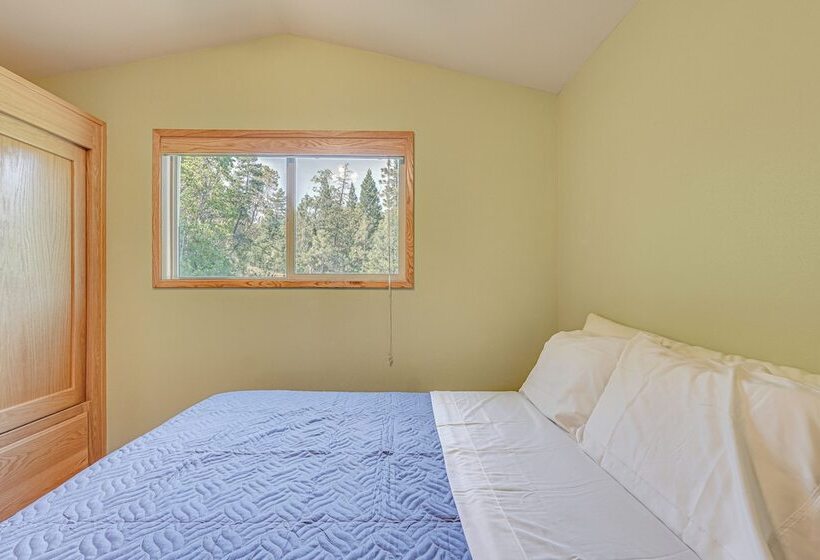 Hiking Trail On Site: Mtn View Eagle Point Retreat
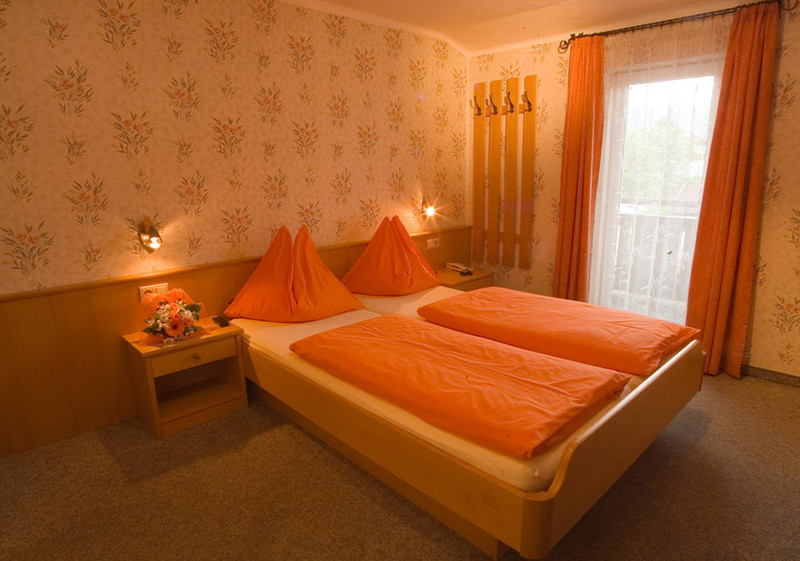 Double rooms some with XXL beds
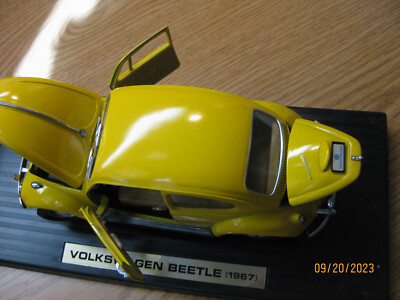 1/18 1967 VOLKSWAGEN VW BEETLE IN YELLOW BY YATMING ROAD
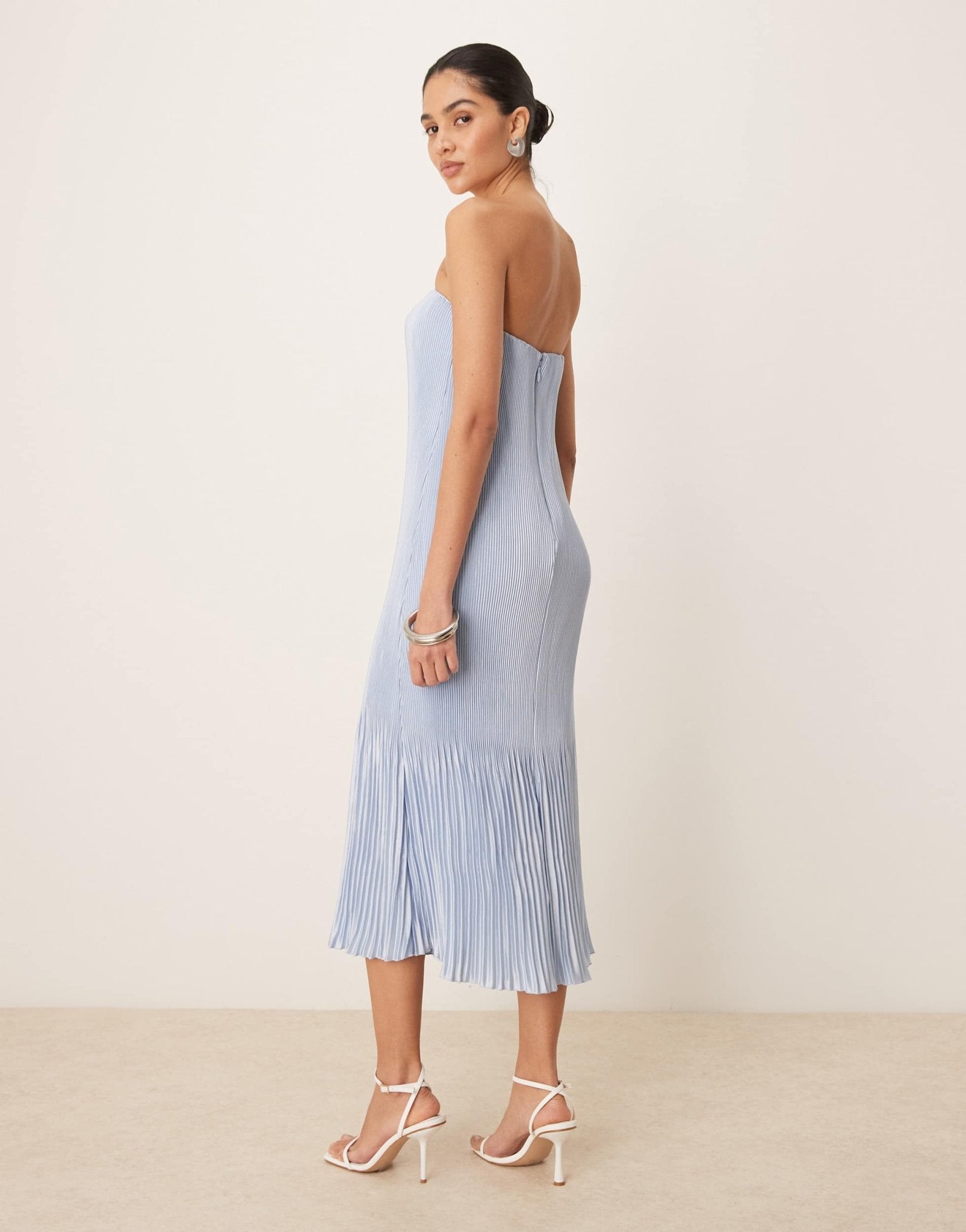 Abercrombie & Fitch strapless giselle pleat maxi dress in blue - ASOS Sample Sale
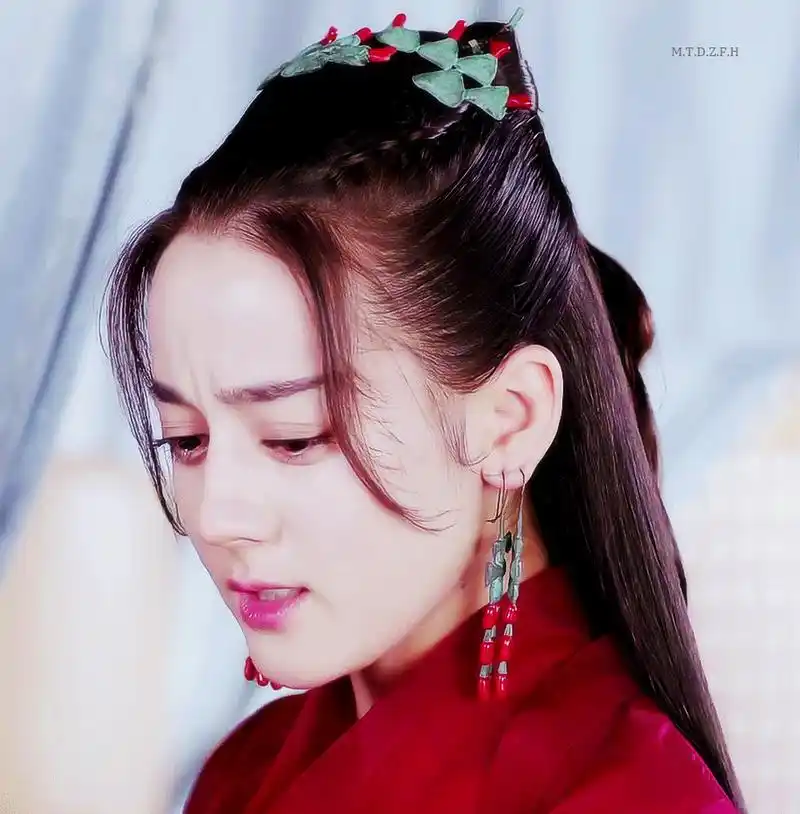 星闻#  迪丽热巴的哭戏还是在线的,点点珍珠泪很是令人怜惜.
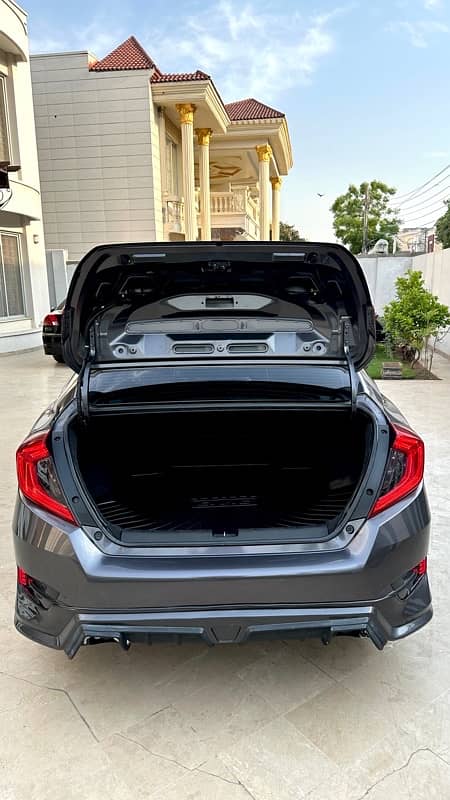 Honda Civic VTi Oriel Prosmatec 2019 16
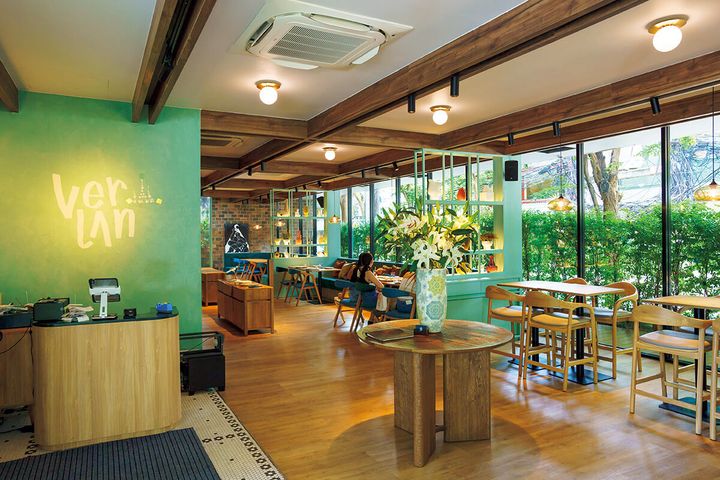 バンコク〈ヴァーラ〉内観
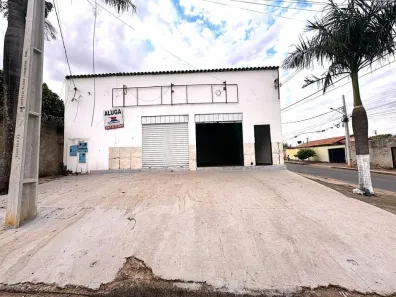 Galpão/Depósito/Armazém para alugar, 200m² no Parque Veiga Jardim, Aparecida de Goiânia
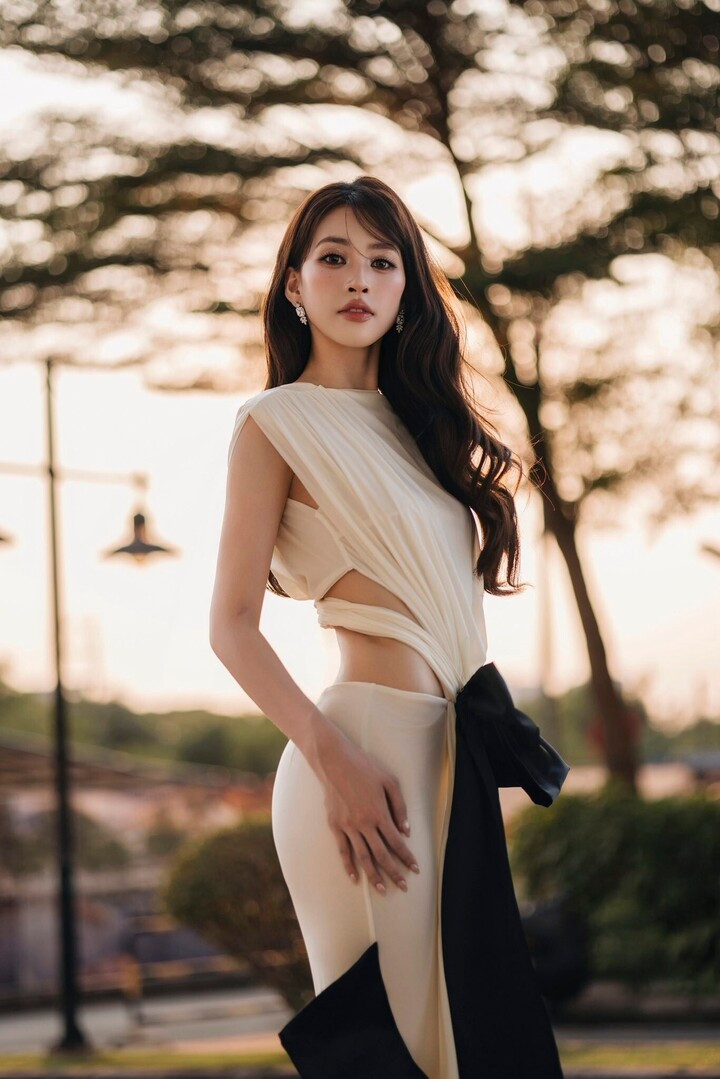 Ở tuổi 26, Tiểu Vy có cuộc sống sung túc, giàu có và hiện là trụ cột kinh tế của gia đình. Nhiều năm qua, công việc ổn định giúp người đẹp có nguồn thu nhập tốt, đủ lo cho bố mẹ và em trai. Cuối năm 2023, cô mua nhà cho bố mẹ ở quê, giúp gia đình có cuộc sống thoải mái, sung túc hơn.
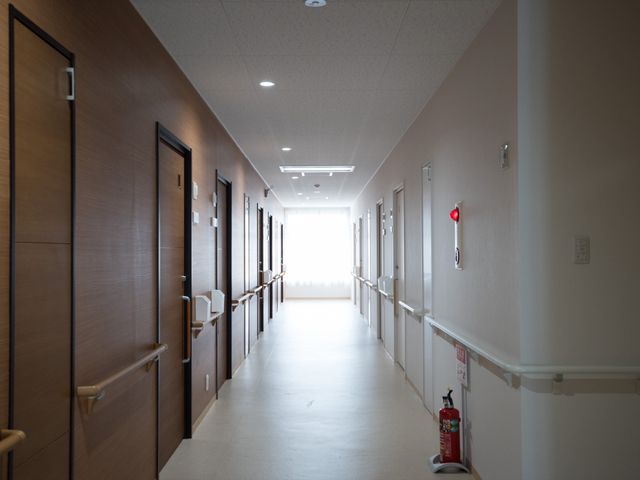 明るく清潔な廊下 通路 手すり付きの廊下は、快適な移動のために広々としており、清潔感が保たれた安心の空間です。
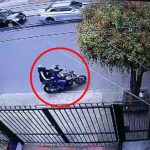 EN EXCLUSIVA: Video del robo en el que murió ladrón en Engativá Q'HUBO conoció un video del momento exacto en el que se habría perpetrado el robo a un ciudadano en el barrio Normandía de Engativá, el cual terminó en la muerte de uno de los presuntos delincuentes.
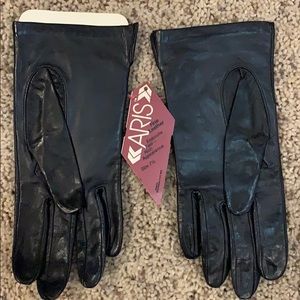 Leather gloves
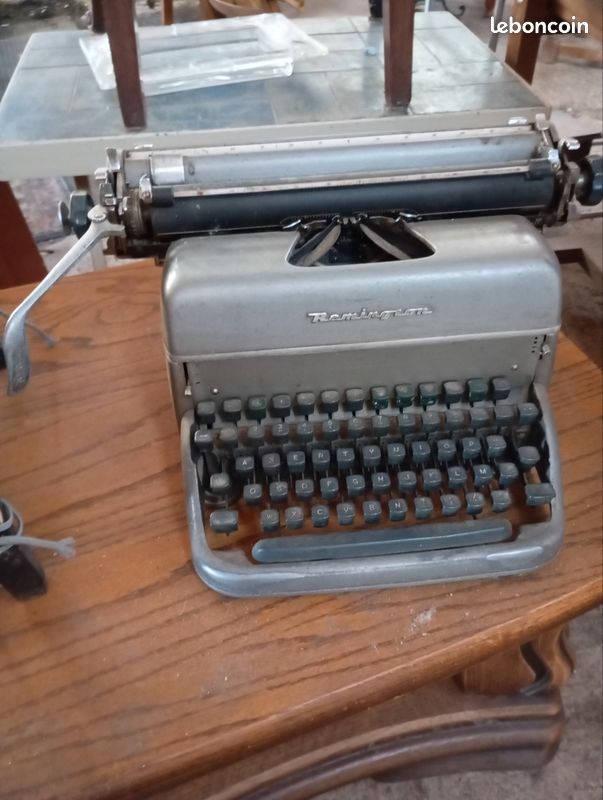 Machine à écrire (image 1)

━━━━━━

- YOUR ASSIGNMENT -
Only the lines from the one holding "Galpão/Depósito/Armazém para alugar, 200m²" through the last line of the records should be output, please, exactly and without any pictures.

- EXERCISE OUTPUT -
 Galpão/Depósito/Armazém para alugar, 200m² no Parque Veiga Jardim, Aparecida de Goiânia
 Ở tuổi 26, Tiểu Vy có cuộc sống sung túc, giàu có và hiện là trụ cột kinh tế của gia đình. Nhiều năm qua, công việc ổn định giúp người đẹp có nguồn thu nhập tốt, đủ lo cho bố mẹ và em trai. Cuối năm 2023, cô mua nhà cho bố mẹ ở quê, giúp gia đình có cuộc sống thoải mái, sung túc hơn.
 明るく清潔な廊下 通路 手すり付きの廊下は、快適な移動のために広々としており、清潔感が保たれた安心の空間です。
 EN EXCLUSIVA: Video del robo en el que murió ladrón en Engativá Q'HUBO conoció un video del momento exacto en el que se habría perpetrado el robo a un ciudadano en el barrio Normandía de Engativá, el cual terminó en la muerte de uno de los presuntos delincuentes.
 Leather gloves
 Machine à écrire (image 1)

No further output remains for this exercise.